Thirdly, and this is really a fault on my part, I couldn't understand the book. I have no knowledge of Hebrew or the Biblical languages, so even if you tell me that what this particle mean, I have no way of knowing if you're telling me the truth. In addition, I found the argument hard to follow. I think I understand the basic gist of what this book is saying (I know what the conclusion is though), but it's an understanding so tenuous that I can't put it down in words.

But really, with all the different opinions floating around claiming to be the true interpretation of God's Word, what's a girl to believe?

Strangely, I'm absolutely confident that the Bible is the inspired and true Word of God, but I'm very murky on the details. I find it easier to understand apologetics than theology. So to me, this book was harder to understand. Although strangely, from what I understood, I ended up agreeing with the arguments of the ones he tries to discredit rather than his arguments.

In my opinion, I would disagree with the author, but not on the basis of his arguments. My reasons for disagreeing with the concept of male headship is that I believe that God gives people different gifts, and that he does give some women the gift of leadership. Just look in Judges, where Deborah lead the people of Israel. I believe that people who say that women should not have authority over men are denying women who are gifted by God with the gift of leadership.

Personally, I found this book hard to read and understand. But it may be that I'm simply not familiar with this topic, and hence, find it difficult to grasp. I would recommend this to people interested in the patriarchy debate, who are fairly knowledgeable about the topic and can follow along academic arguments.

Disclaimer: I received a free copy of this book from NetGalley in exchange for a free and honest review.


  1. With regard to the whole slaves submit to your master/ wives your husbands thing.
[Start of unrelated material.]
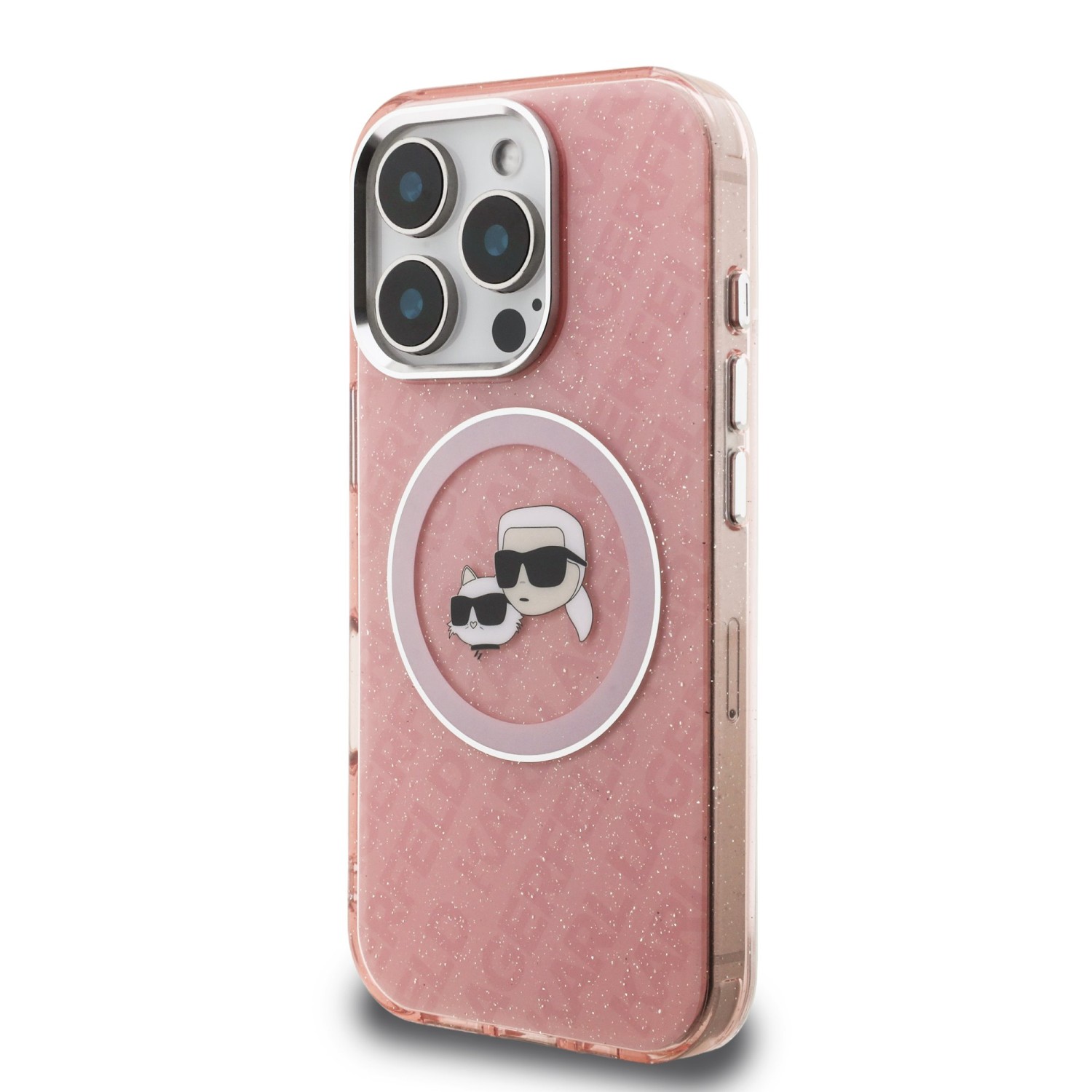 Karl Lagerfeld IML K&CH Heads Repeated Logo MagSafe Zadní Kryt pro iPhone 16 Pro Pink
He is correct. Slavery has taken many forms over the centuries, for sure the slavery of the New Testament era was much different than the kind we have seen in America in the past. Whereas something like the institution of marriage, and the guidelines that God has set down for marriage are the same. maybe that helps clear it up?

    Also, your aplogetics vs theology comment is confusing, apologetics is so tied up in theology both Biblical, and systematic. It is a natural offshoot of those two disciplines, that you cant have apologetics without theology.

    1. Hi,

      Um, so you're saying that his argument is correct? Although I do think slavery is the same no matter what time you're in.

      Hmm... I'm sorry, I guess I wasn't very clear. I meant to say that in matters regarding the accuracy of the Bible (like what it says about the age of the earth and such), I tend to understand the arguments better, while I get more confused about the interpretation of the Bible. Perhaps that is because for every interpretation, there is an opposite one.